For the entries that follow, restate word for word the line containing "Billabong Barlow Hooded Jacket Black Men Jackets Billabong", the line containing "rk61 gaming keyboard rgb lights", and every line that lies between them.

### Given information ###

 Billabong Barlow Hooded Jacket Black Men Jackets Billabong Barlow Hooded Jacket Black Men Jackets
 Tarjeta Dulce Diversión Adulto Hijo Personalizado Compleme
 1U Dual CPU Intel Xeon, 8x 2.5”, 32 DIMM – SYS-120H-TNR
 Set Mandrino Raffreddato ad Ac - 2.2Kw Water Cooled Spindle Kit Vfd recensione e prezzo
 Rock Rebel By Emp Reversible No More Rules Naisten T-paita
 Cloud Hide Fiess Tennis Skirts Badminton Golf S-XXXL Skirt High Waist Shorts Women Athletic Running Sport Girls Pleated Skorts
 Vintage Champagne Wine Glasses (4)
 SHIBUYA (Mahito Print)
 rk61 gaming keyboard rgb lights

###
### Given information ###

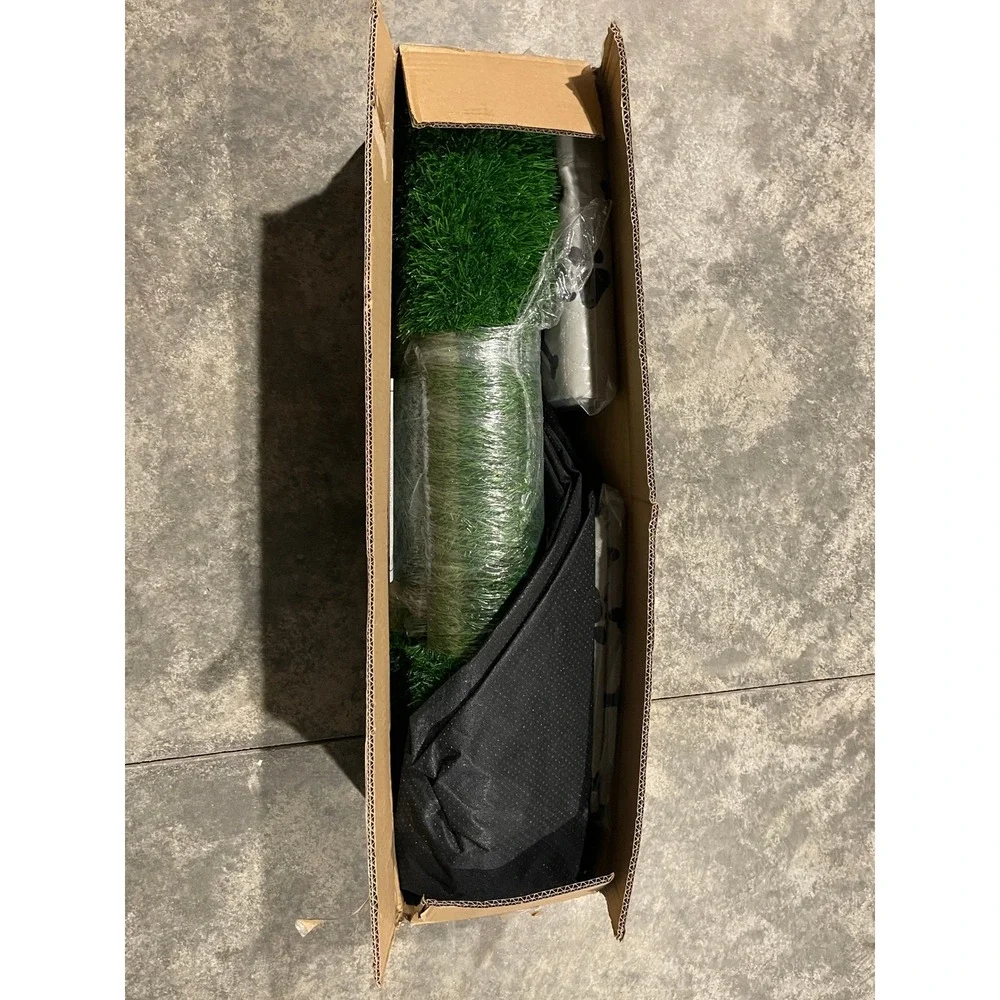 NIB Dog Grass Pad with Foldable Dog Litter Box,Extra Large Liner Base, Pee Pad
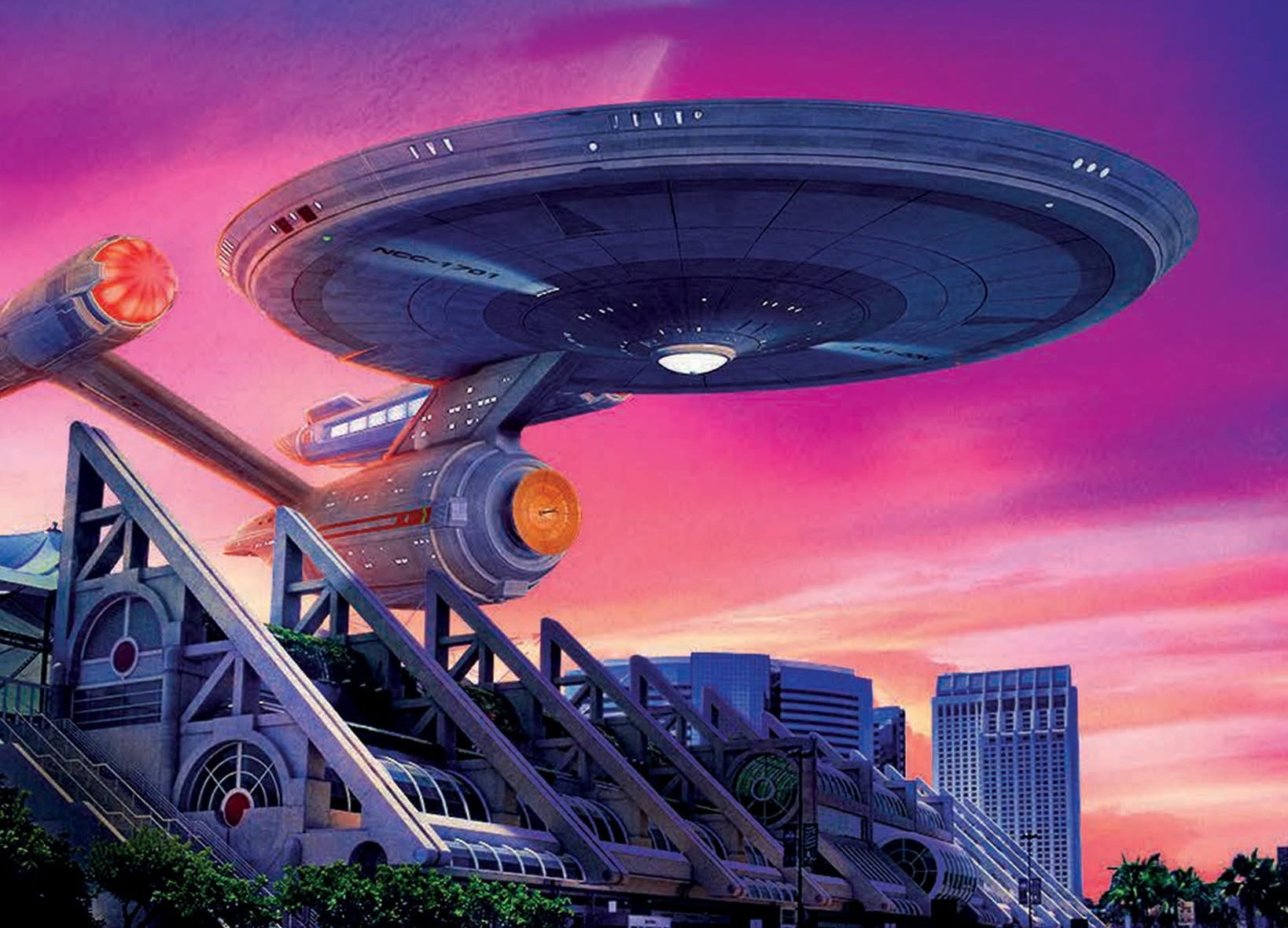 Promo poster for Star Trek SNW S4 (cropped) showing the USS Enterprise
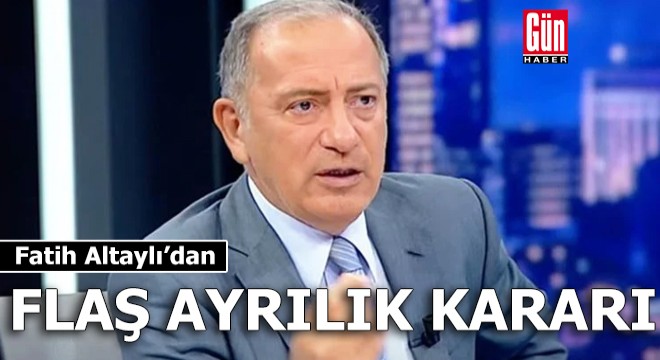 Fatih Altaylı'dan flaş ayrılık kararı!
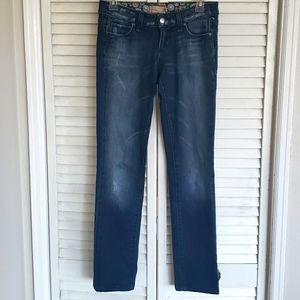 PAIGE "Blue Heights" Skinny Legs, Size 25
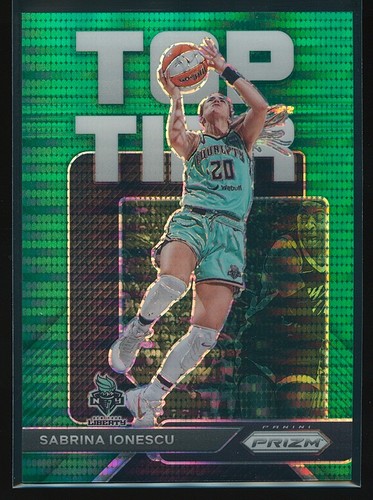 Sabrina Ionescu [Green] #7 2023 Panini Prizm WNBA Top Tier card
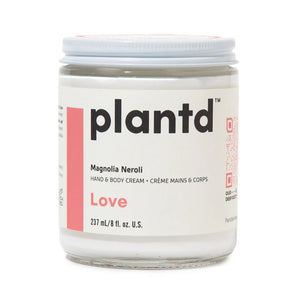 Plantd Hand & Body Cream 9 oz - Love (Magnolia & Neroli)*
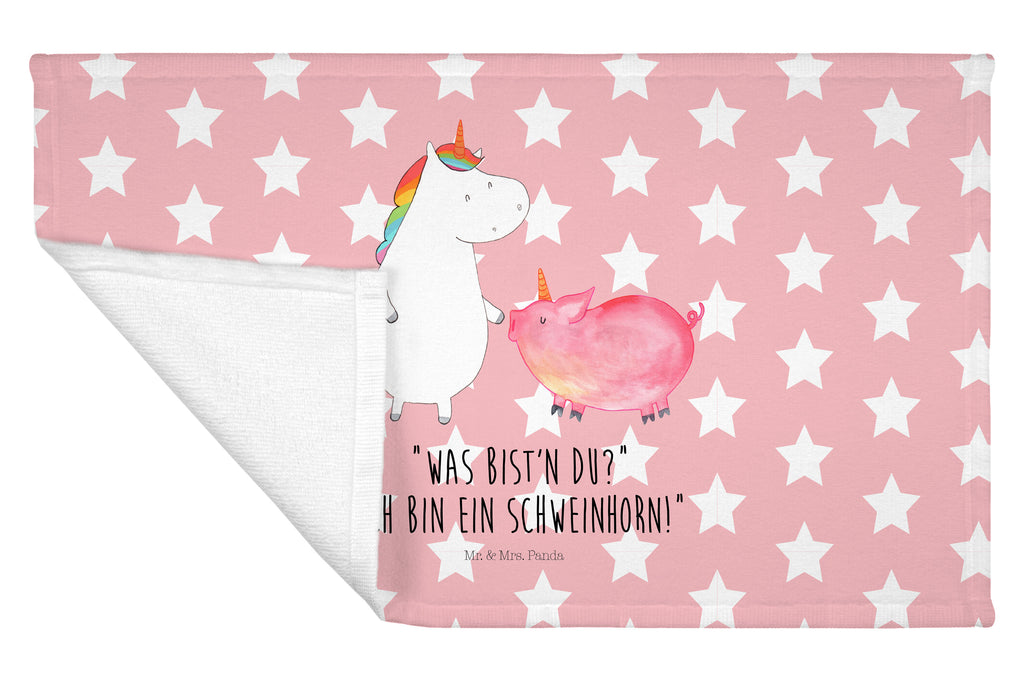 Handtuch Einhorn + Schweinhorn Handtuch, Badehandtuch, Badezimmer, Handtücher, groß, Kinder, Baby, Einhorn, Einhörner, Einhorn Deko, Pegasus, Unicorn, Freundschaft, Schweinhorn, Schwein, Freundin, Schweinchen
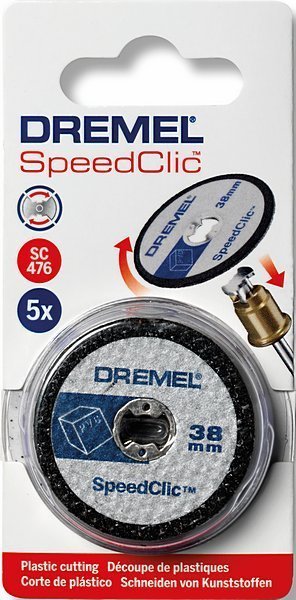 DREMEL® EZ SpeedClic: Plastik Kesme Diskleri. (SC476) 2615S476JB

###

**Output of the exercise**
 Billabong Barlow Hooded Jacket Black Men Jackets Billabong Barlow Hooded Jacket Black Men Jackets
 Tarjeta Dulce Diversión Adulto Hijo Personalizado Compleme
 1U Dual CPU Intel Xeon, 8x 2.5”, 32 DIMM – SYS-120H-TNR
 Set Mandrino Raffreddato ad Ac - 2.2Kw Water Cooled Spindle Kit Vfd recensione e prezzo
 Rock Rebel By Emp Reversible No More Rules Naisten T-paita
 Cloud Hide Fiess Tennis Skirts Badminton Golf S-XXXL Skirt High Waist Shorts Women Athletic Running Sport Girls Pleated Skorts
 Vintage Champagne Wine Glasses (4)
 SHIBUYA (Mahito Print)
 rk61 gaming keyboard rgb lights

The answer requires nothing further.